### Your instructions
Could you retype only the lines from the one containing "Glasspop 的头像" through the final line of the entries, both included, skipping any images?

▶

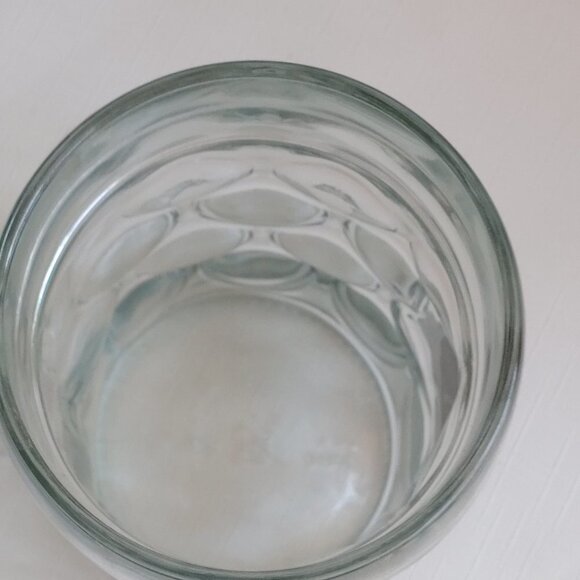 ORIGINAL Steam Whistle Beer Stein with Pewter Logo Badge 1 Liter - Picture 6 of 7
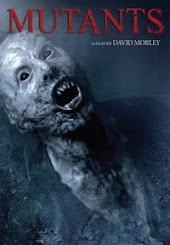 Mutants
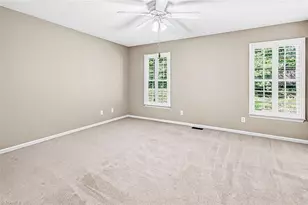 828 Windermere Ct, Asheboro, NC 27203 - Photo 20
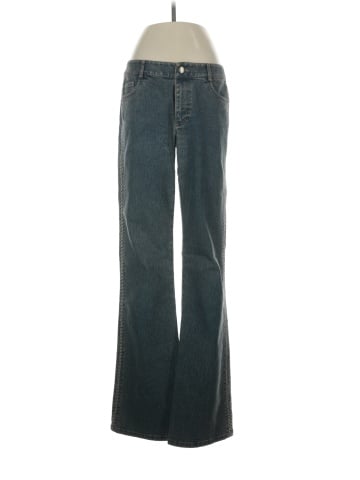 Elie Tahari Jeans (view 1)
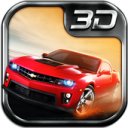Sækja Need More Speed: Car Racing 3D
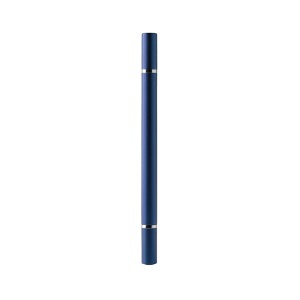 STA Ball Pen - Img 7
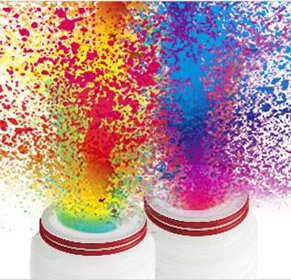 关于墨水过滤系统我们应该了解什么？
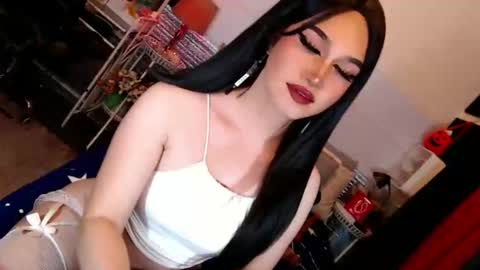 Celestine online show from January 9, 6:19 am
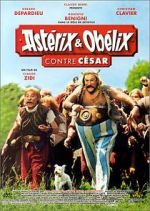 Watch Asterix and Obelix vs. Caesar Merdb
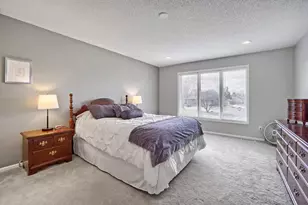 2823 Lisbon Ave N, Lake Elmo, MN 55042 - Photo 15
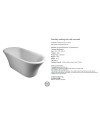 bañera-brindley-terra-ceramica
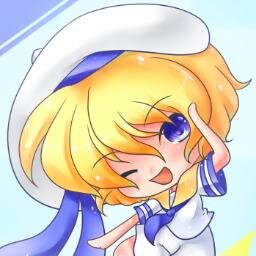 きづいたらボドゲスペースのお店のオーナーになってたゲームオタク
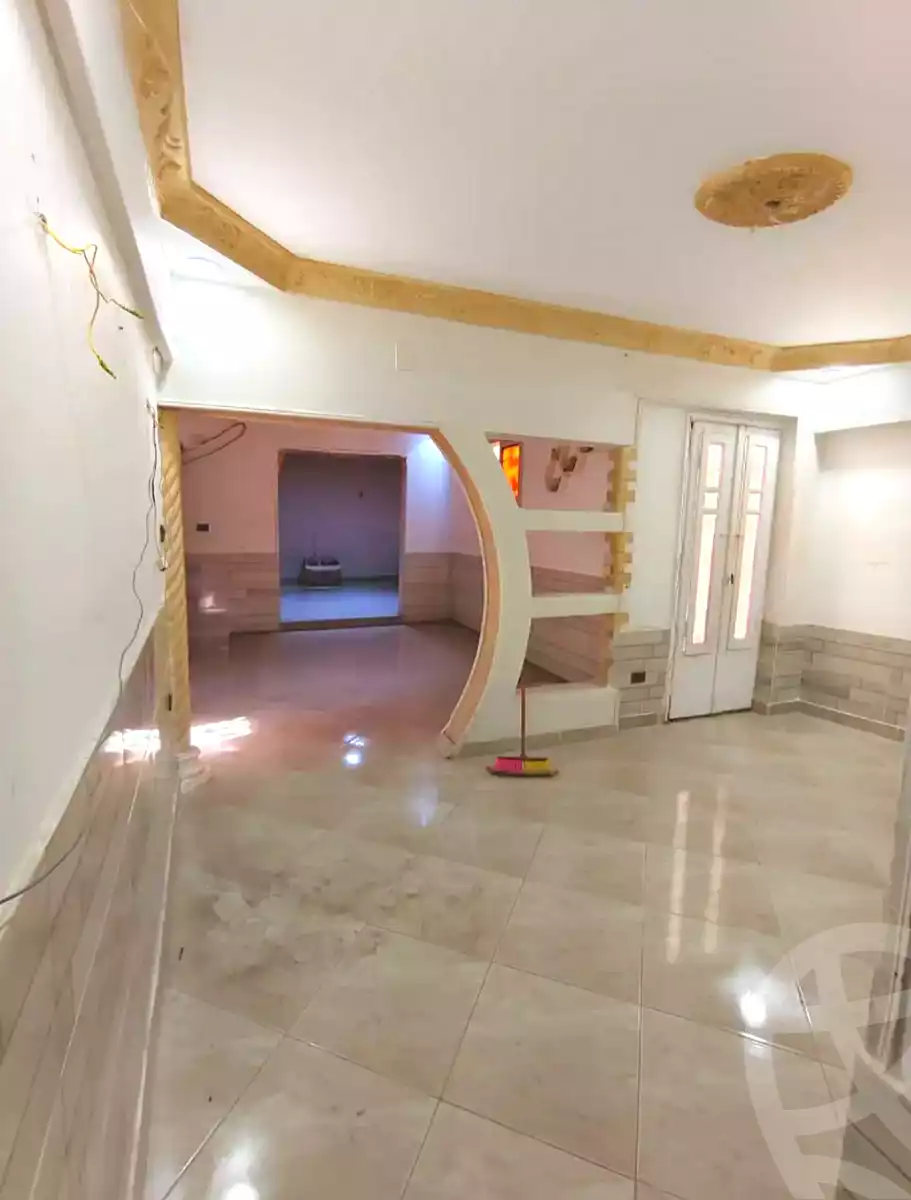 https://aqarmap.com.eg/ar/listing/6695362-for-sale-alexandria-l-jmy-lbytsh-ain-shams-st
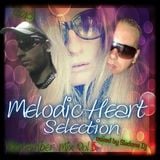 Melodic Heart Selection_ Remember Mix Vol.5 - by Sladone Dj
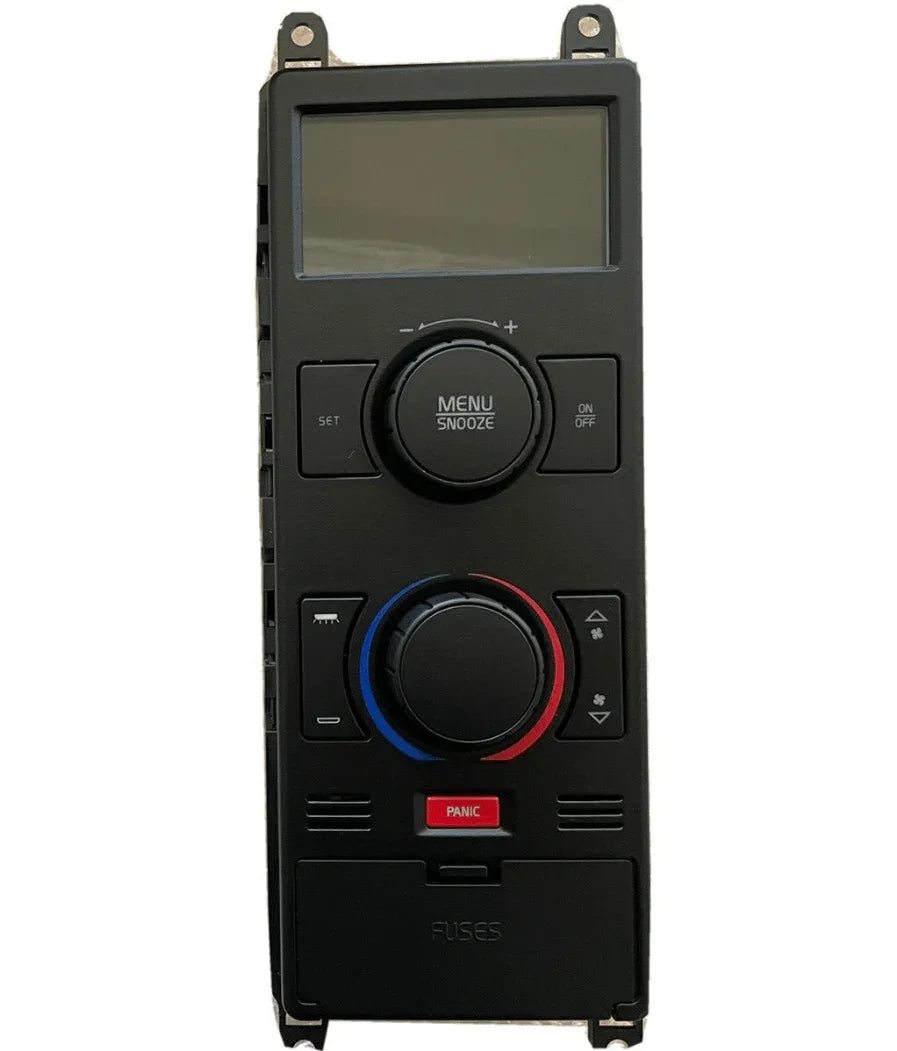 85021832 Genuine Volvo Bunk Control Unit - Truck To Trailer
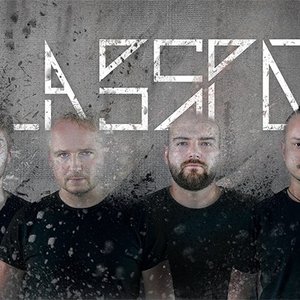 Glasspop 的头像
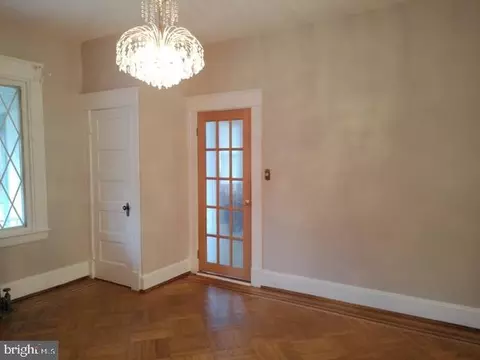 Other - 1917 E 32nd St, Baltimore, MD 21218 photo 3 of 17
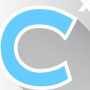icon CX Deal(CX negócio
)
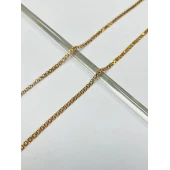 Lant Din Aur Proba 585* 2.26 gr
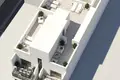 Apartamento 4 habitaciones 78 m² Torrevieja, Španjolska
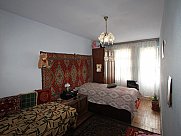 Բնակարան, 4 սենյականոց, Նոր Նորք, Երևան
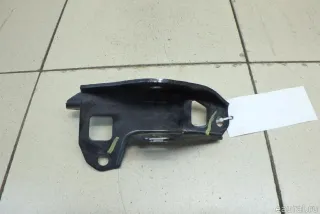 S111F2101050102 Changan Кронштейн опоры двигателя Changan CS 35 Арт E95776278, вид 1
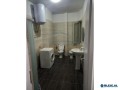 qera-apartament-21-kazazi-durres-small-0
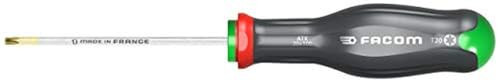 Facom ATX25X100 schroevendraaier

◀

### Answer to the problem
 Glasspop 的头像
 Other - 1917 E 32nd St, Baltimore, MD 21218 photo 3 of 17
icon CX Deal(CX negócio
)
 Lant Din Aur Proba 585* 2.26 gr
 Apartamento 4 habitaciones 78 m² Torrevieja, Španjolska
 Բնակարան, 4 սենյականոց, Նոր Նորք, Երևան
 S111F2101050102 Changan Кронштейн опоры двигателя Changan CS 35 Арт E95776278, вид 1
 qera-apartament-21-kazazi-durres-small-0
 Facom ATX25X100 schroevendraaier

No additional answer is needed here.